WHAT YOU NEED TO DO:
Each record that comes next should be output exactly; pictures do not belong in the copy.

DATASET:
::::

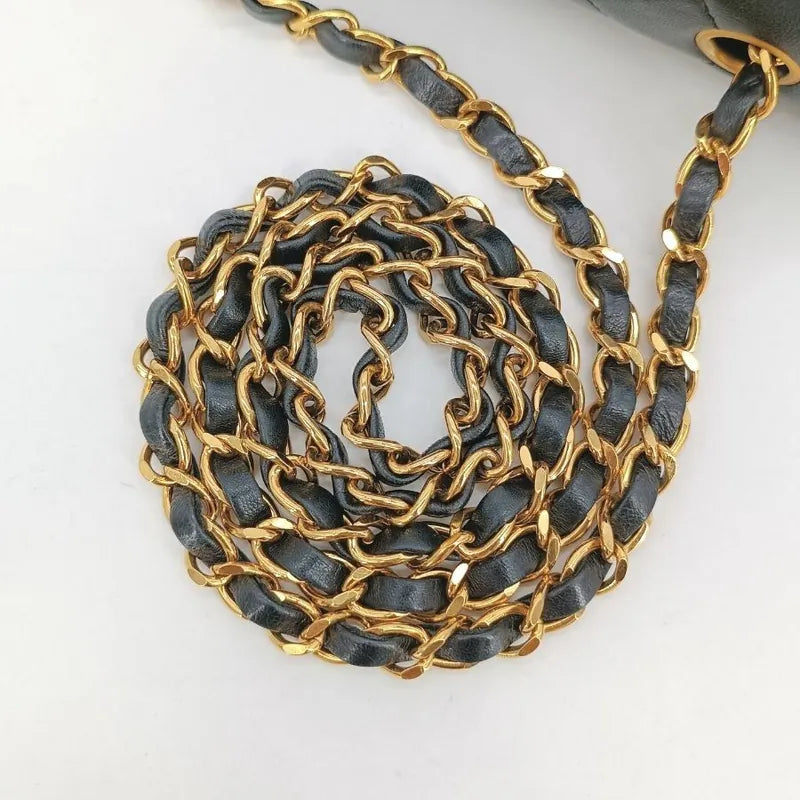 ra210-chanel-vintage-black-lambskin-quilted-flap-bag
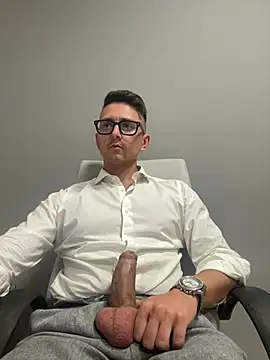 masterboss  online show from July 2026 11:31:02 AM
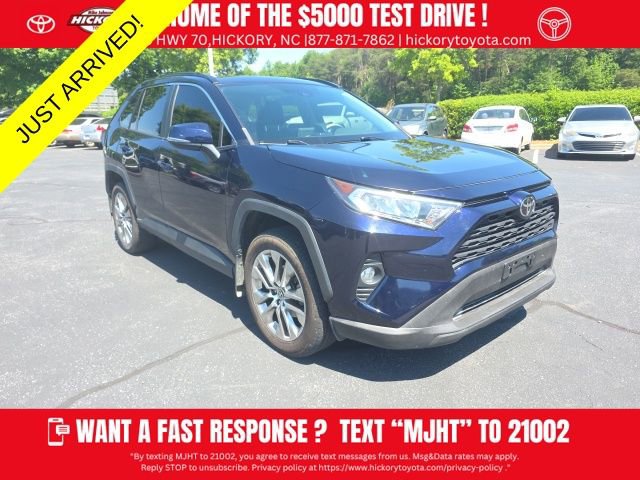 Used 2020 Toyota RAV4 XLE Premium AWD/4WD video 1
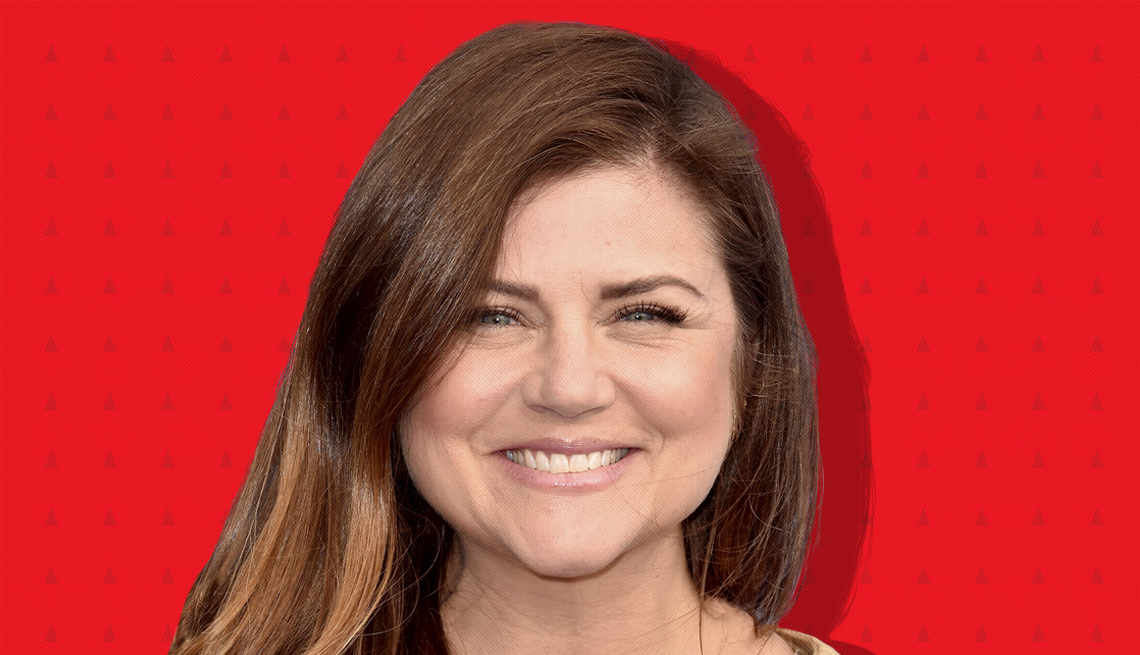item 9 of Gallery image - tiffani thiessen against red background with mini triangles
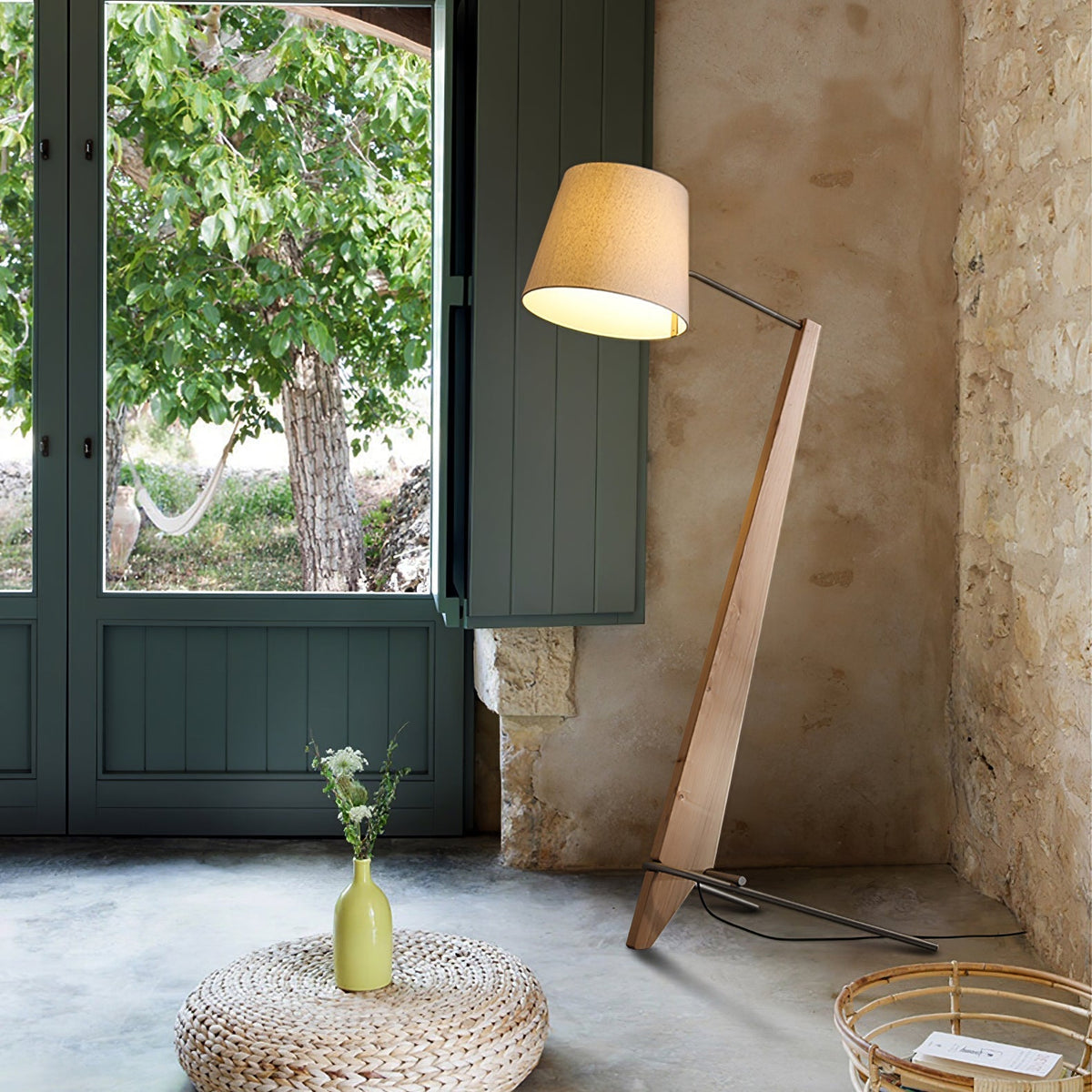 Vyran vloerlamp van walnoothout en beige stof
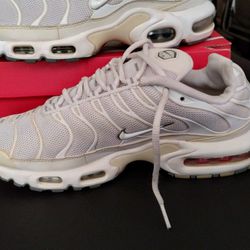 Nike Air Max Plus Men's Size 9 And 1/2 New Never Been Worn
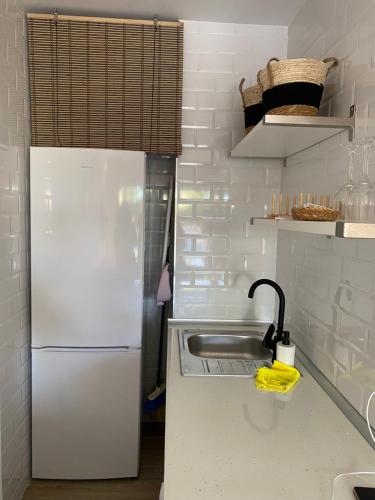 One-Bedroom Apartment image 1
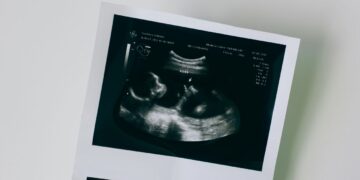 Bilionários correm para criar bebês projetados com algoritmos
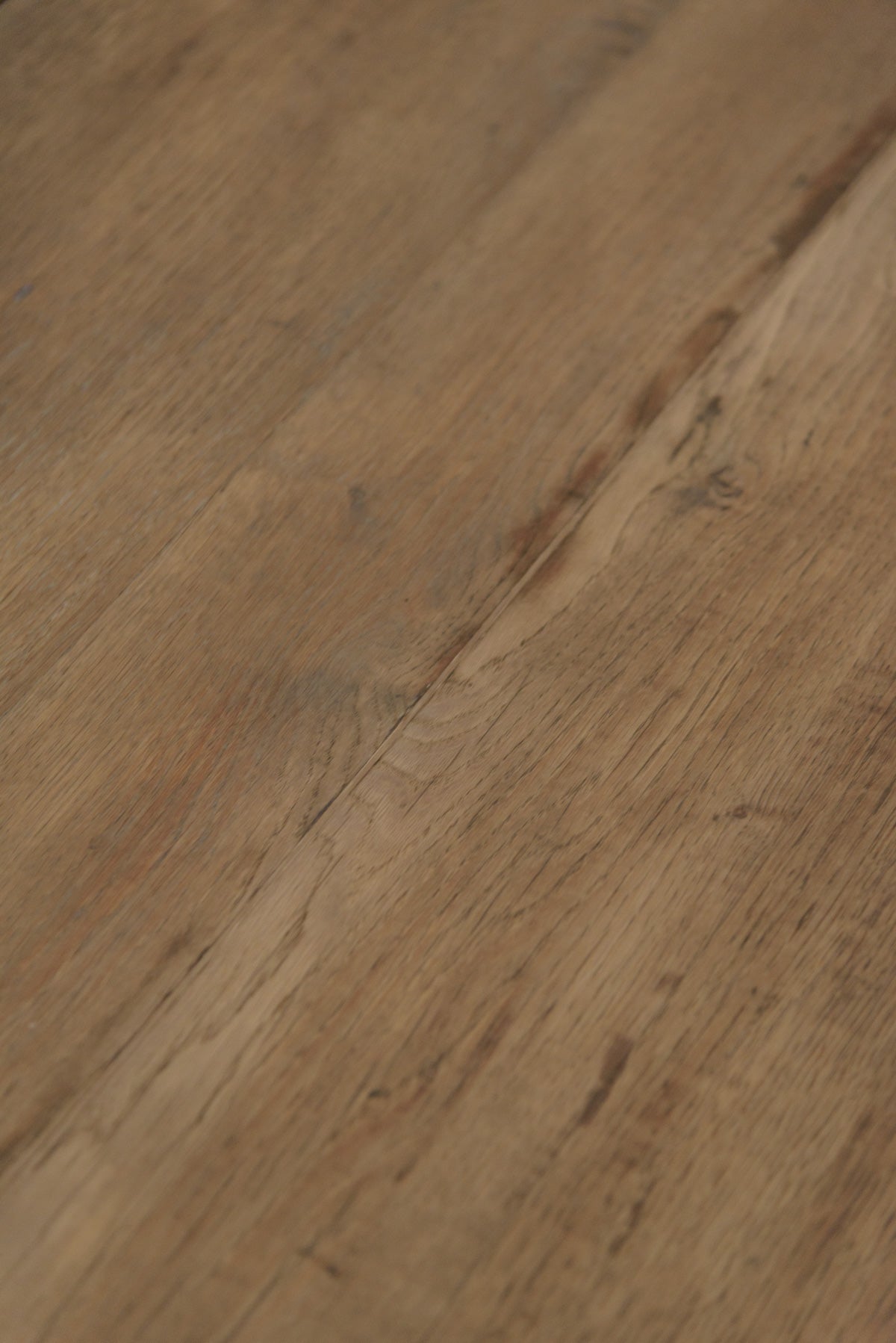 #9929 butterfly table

::::

RESPONSE AREA:
 ra210-chanel-vintage-black-lambskin-quilted-flap-bag
 masterboss  online show from July 2026 11:31:02 AM
 Used 2020 Toyota RAV4 XLE Premium AWD/4WD video 1
item 9 of Gallery image - tiffani thiessen against red background with mini triangles
 Vyran vloerlamp van walnoothout en beige stof
 Nike Air Max Plus Men's Size 9 And 1/2 New Never Been Worn
 One-Bedroom Apartment image 1
 Bilionários correm para criar bebês projetados com algoritmos
 #9929 butterfly table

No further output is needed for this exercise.